> **What the task asks**
Set the listing down unchanged, minus every embedded image.

> **Data block**
Segment Open
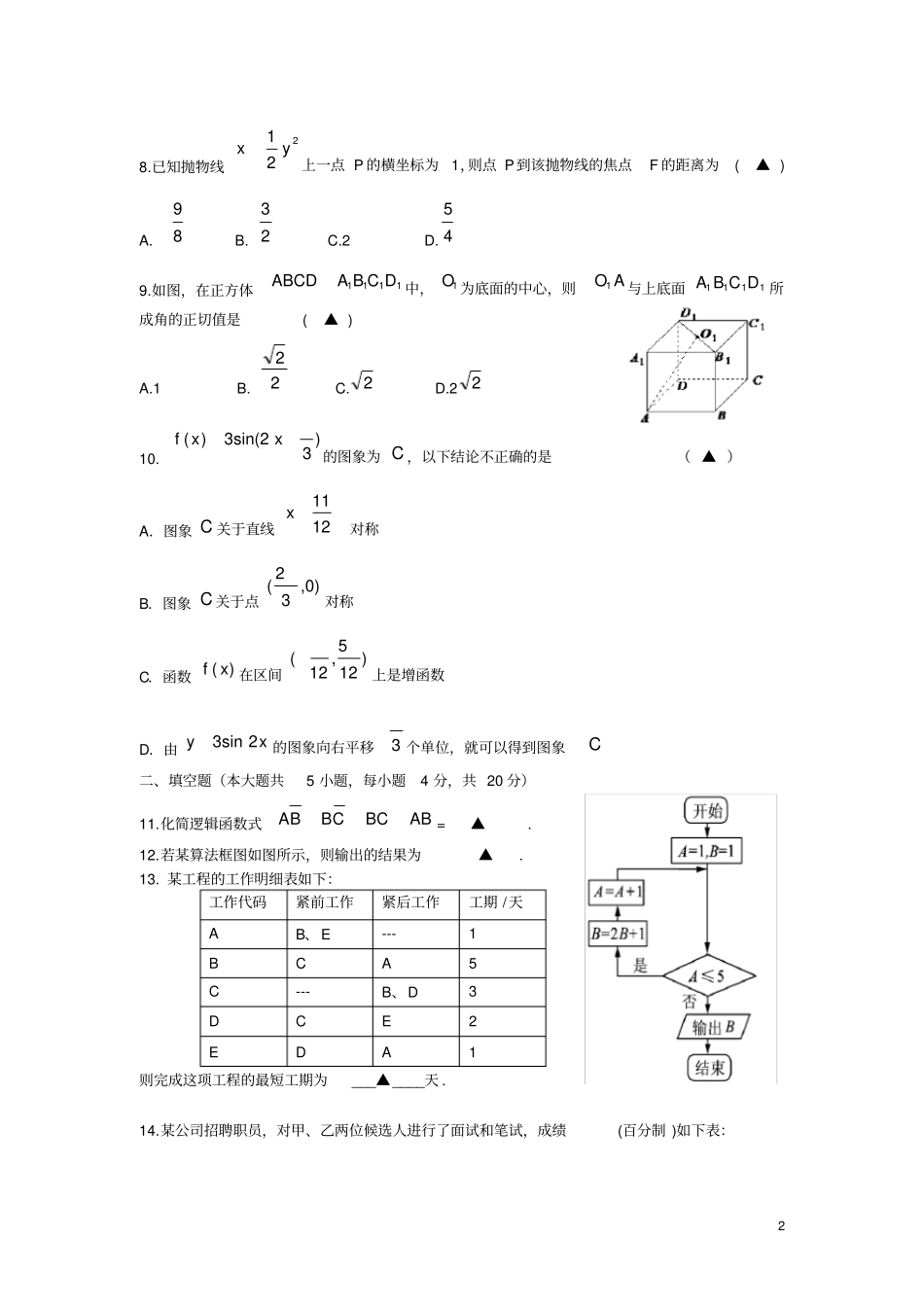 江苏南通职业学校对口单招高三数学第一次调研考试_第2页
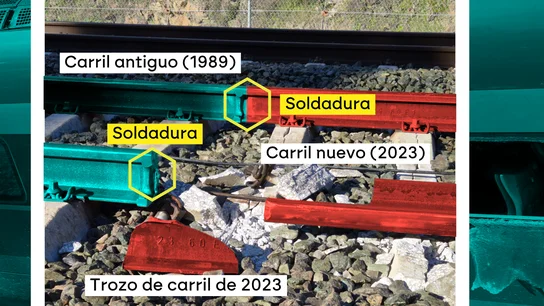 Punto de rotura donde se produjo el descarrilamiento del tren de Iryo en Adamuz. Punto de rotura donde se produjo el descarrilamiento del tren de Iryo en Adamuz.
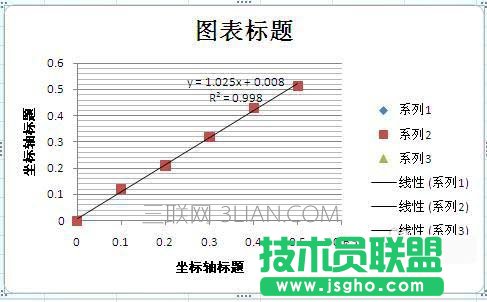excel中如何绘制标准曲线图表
Segment Closed
> **Result of this task**
 江苏南通职业学校对口单招高三数学第一次调研考试_第2页
 Punto de rotura donde se produjo el descarrilamiento del tren de Iryo en Adamuz. Punto de rotura donde se produjo el descarrilamiento del tren de Iryo en Adamuz.
excel中如何绘制标准曲线图表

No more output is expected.